Abstract: Neural network optimization remains one of the most consequential yet poorly understood challenges in modern AI research, where improvements in training algorithms can lead to enhanced feature learning in foundation models, order-of-magnitude reductions in training time, and improved interpretability into how networks learn. While stochastic gradient descent (SGD) and its variants have become the de facto standard for training deep networks, their success in these over-parameterized regimes often appears more empirical than principled. This thesis investigates this apparent paradox by tracing the evolution of optimization algorithms from classical first-order methods to modern higher-order techniques, revealing how principled algorithmic design can demystify the training process. Starting from first principles with SGD and adaptive gradient methods, the analysis progressively uncovers the limitations of these conventional approaches when confronted with anisotropy that is representative of real-world data. These breakdowns motivate the exploration of sophisticated alternatives rooted in curvature information: second-order approximation techniques, layer-wise preconditioning, adaptive learning rates, and more. Next, the interplay between these optimization algorithms and the broader neural network training toolkit, which includes prior and recent developments such as maximal update parametrization, learning rate schedules, and exponential moving averages, emerges as equally essential to empirical success. To bridge the gap between theoretical understanding and practical deployment, this paper offers practical prescriptions and implementation strategies for integrating these methods into modern deep learning workflows.
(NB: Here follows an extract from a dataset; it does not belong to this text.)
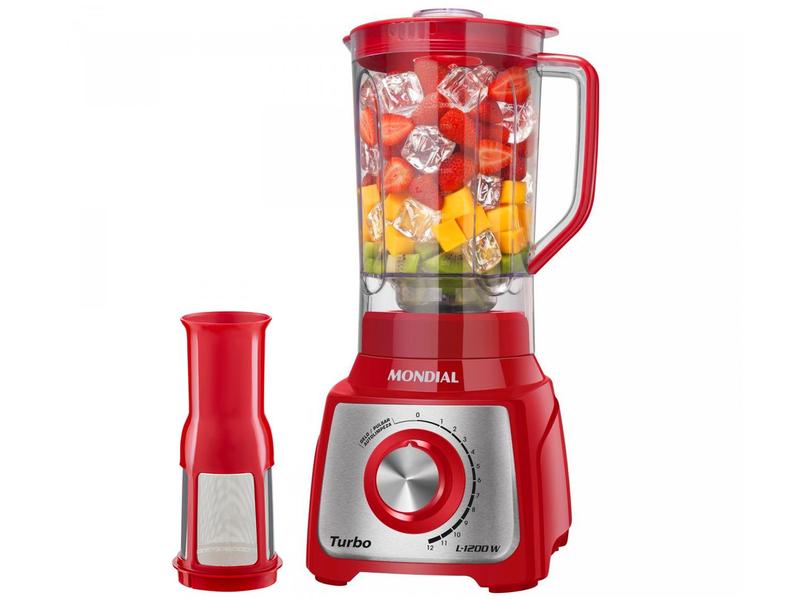 Liquidificador Mondial Turbo Inox L-1200 RI com Filtro 12 Velocidades 1200W Vermelho Liquidificador Mondial Turbo Inox L-1200 RI com Filtro 12 Velocidades 1200W Vermelho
• The paper establishes that curvature-aware optimizers (e.g., KFAC) achieve statistically optimal feature learning, surpassing classical first-order methods.
• It presents modular norm design that reframes optimizer construction, enabling layerwise hyperparameter transfer and robust scaling in large-scale training.
• Empirical experiments confirm that advanced preconditioning and tailored learning rate schedules lead to faster convergence and improved generalization.

Guided Descent: Algorithmic Principles and Practical Innovations for Neural Network Optimization

Introduction

This work provides a comprehensive analysis of the algorithmic evolution, foundational principles, and practical integration strategies for optimization algorithms in large-scale neural network training. It dissects the empirical success of canonical algorithms like SGD and Adam, exposing their limitations through the lens of geometry and statistical feature learning. The study establishes a throughline from classical first-order and second-order methods to recent advances in curvature-aware optimization, modular norm-based design, and large-scale engineering practices.

Classical Optimization Methods: Foundations and Limitations

The initial investigation deconstructs the empirical success and theoretical shortcomings of first-order optimizers.

Pure SGD and its momentum-based variants (Polyak, Nesterov) are documented to be limited by their axis-aligned update schemes, struggling in highly anisotropic or ill-conditioned loss landscapes and failing in effective feature learning when input data exhibits strong covariance structure (Figure 1).

Figure 1: Visualization of steepest descent under a quadratic norm, highlighting slow convergence in ill-conditioned valleys.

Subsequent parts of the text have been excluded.